この記事は2015年10月号に掲載されたものを再編集しています。
《Profile》
板谷 和彦(いたや・かずひこ)
1969年生まれ。石川県金沢市在住。北陸エリアの渓に詳しく、初夏は本流のヤマメ、盛夏は山岳渓流のイワナ釣りをメインに楽しんでいる。いずれの釣りでもアピール力の高い、大型のドライフライで数々の実績を上げている。
板谷 和彦(いたや・かずひこ)
1969年生まれ。石川県金沢市在住。北陸エリアの渓に詳しく、初夏は本流のヤマメ、盛夏は山岳渓流のイワナ釣りをメインに楽しんでいる。いずれの釣りでもアピール力の高い、大型のドライフライで数々の実績を上げている。
ビッグドライの利点
私のホームエリアである北陸地方でも、夏場は山岳渓流のイワナ釣りが面白くなる。そんな時に好んで結んでいるのが#8ほどの渓流としては大きめのドライフライ。

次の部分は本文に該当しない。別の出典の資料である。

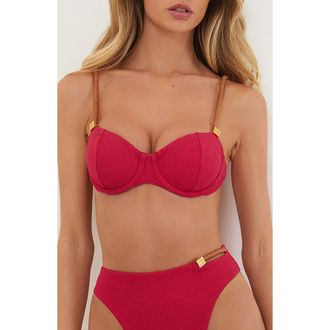 Vix Firenze Aika Mel Bikini Top in Red at Nordstrom Rack, Size X-Large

ロングシャンクのマドラーミノーやフォームビートル、エルクヘア・カディス(こちらはショートシャンク)といったパターンが中心で、バッタや甲虫、毛虫などのテレストリアルをイメージして使っている。また、初夏の本流ヤマメねらいの時にもビッグ・ドライフライを流すことは多い。その場合、やはり#8~12のスティミュレーターやマドラーミノーを結ぶ。この時は大型のストーンフライやカディスの流下を想定して釣りをすることになる。
ロングシャンクのフックに巻いたスティミュレーター。夏場のイワナ釣りには欠かせないパターンだが、実は本流のヤマメにも効果的
スパンヘッドの大型カディスパターン。フックサイズがある程度大きいと、そのぶんマテリアル選びやその取り付け方も自由度が高くなる
私の場合、山岳渓流でも本流でもサイズの大きいフライを選ぶことが多いが、それでも基本的には水生昆虫のハッチや陸生昆虫の流下を意識したパターンを結んでいる。そこには、大きめのドライフライならではのメリットも数多い。
まずは魚へのアピールカ。ある程度のサイズにすることによって、ドリフト時に魚がフライを発見しやすくなると考えている。特に水深のある流れや、ボトム付近に定位している魚には有効であると感じており、実際小さめのサイズのフライから結び替えた途端に反応があったことも少なくない。
ヤマメが好むレーンでも大きめのドライフライは有効。フラッタリングでアピールするのも効果的だ
次に高い浮力。サイズが大きくなるほど、マテリアルの種類も選べるので、より浮力の高いフライを作ることができる。これは落ち込みなどの波に揉まれても沈みにくく、ラフな流れでも扱いやすい。そして、何よりも視認性のよさは釣りのストレス軽減にも大きく貢献してくれる。